The course of the disease is determined by the severity of pulmonary changes. Chronic respiratory failure, emphysema, pneumosclerosis cause the development of deformations of the chest, changes in terminal phalanges of fingers like "drumsticks," the formation of "pulmonary heart." With intestinal form, the signs of impaired absorption (malabsorption) appear to the fore. Characterized by bloating, abundant fatty stools with putrefactive odor, abdominal pain. Disturbances in the splitting and absorption of food lead to the development of hypotrophy. A part of patients develop biliary cirrhosis, which, however, is not recorded in routine biochemical examinations.

Diagnosis. Given the hereditary nature of cystic fibrosis and the absence of specific signs of it, this disease must be excluded in every child with chronic pneumonia or malabsorption syndrome. An additional criterion is the presence in the family of patients with chronic pathology of the lungs, intestines, liver cirrhosis. The most reliable is a sweat test - the determination of the content of electrolytes (chlorine and sodium) in the sweat glands that are separated. In healthy children, their concentration does not exceed 40 mmol / l; In cystic fibrosis, the content of chlorine (or sodium) in the pot varies between 50-180 mmol / l. To determine the reduced proteolytic activity of the stool, an X-ray film test (digestion of a gelatin suspension by an X-ray film slurry) is used. When coprological analysis revealed steatorrhoea. In recent years, for the purpose of mass screening of newborns, a meconial albumin test is used, the content of which is determined by a color reaction or (better) by an immunochemical method. Children who have a content of albumin in meconium exceed 20 mg / g of dry weight are considered suspicious for cystic fibrosis and are subject to a special examination (swallowing test) and dispensary observation. Pathognomonic morphological sign of the disease is cystic fibrosis of the pancreas.

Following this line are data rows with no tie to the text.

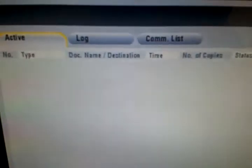Make sure you look for the icon that says job list. Once you're there, look for the option that says communication or comm list. Click on that.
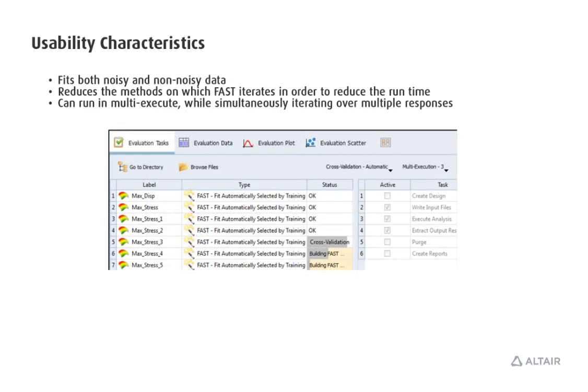This method fits both noisy and non-noisy data and reduces the methods on which FAST iterates in order to reduce the runtime. We can run in multi-execute while simultaneously iterating over multiple responses.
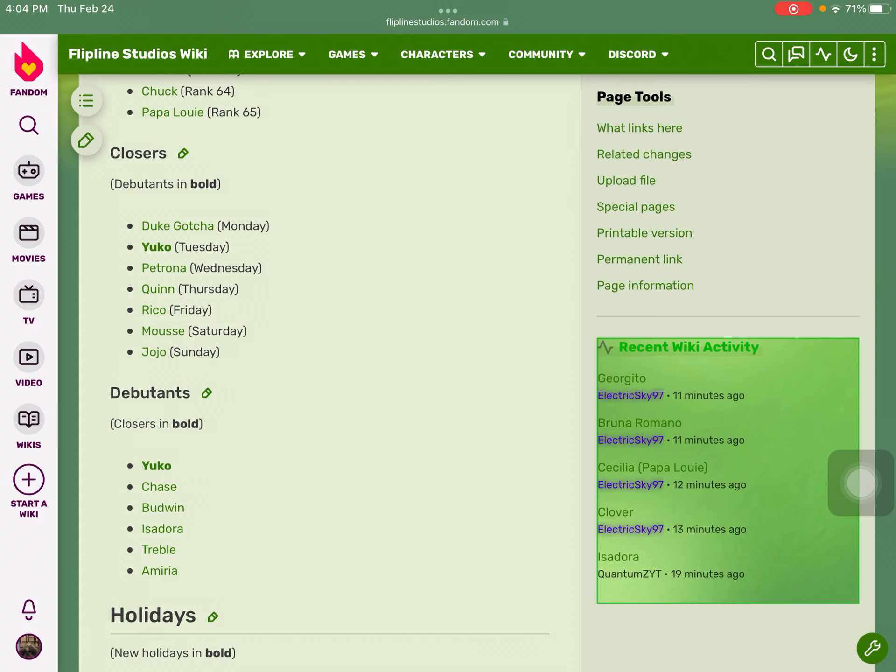All right guys, you've been wondering - there are actually three more locals in Papa's Cluckeria. They are Isadora, Treble, and Amira. So let's go through one of them.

Differential diagnosis is carried out with pertussis, asthmatic bronchitis, bronchiectasis, celiac disease, disaccharidic insufficiency.

Treatment. Exacerbation of pneumonia requires the appointment of antibiotics - pentriksil 100 mg / (kg-day), gentamicin 2 mg / (kg-day), lincomycin 30-50 mg / (kg-day), 30-50 mg / (kg-day), Vibramycin 2 mg / (kg-day), erythromycin 50 mg / (kg-day). It is justified the appointment of penicillin 200 mg <(kg су day) or methicillin 100 mg / (kg Ђ day). The course of treatment with antibiotics is not less than 1 month.

Mucolytic drugs are injected in aerosols: 2% sodium hydrogen carbonate solution, 3% sodium chloride solution, 20% acetylcysteine ​​solution (synonyms - mukonist, mucoscopy, fluimucil). Apply bronchodilator mixture (ephedrine, dimedrol, 0.9% sodium chloride solution, vitamins PP1, B1). Postural drainage and vibrating massage are tactile and are conducted 2 to 8 times a day. Therapeutic bronchoscopy is indicated with inefficiency of aerosol inhalations and postural drainage.

Pancreatin is prescribed in a dose of 2-3 grams per day and gradually increase the dose to achieve the effect (up to 10 g). A useful combination of pancreatin with mexase (contains pancreatin in small amounts, dehydrocholic acid, bromelin and quinoline derivatives). It is shown the appointment of vitamins, especially fat-soluble, which are recommended in a double dosage. In the diet, increase the protein content (up to 5 g / kg) and carbohydrates; Fats restrict.

The prognosis remains serious, the mortality rate reaches 50%. The most effective methods of prevention are medical genetic counseling, as well as early detection of the disease in the neonatal period, although in this case it is not a question of preventing the disease, but of preventing its serious complications.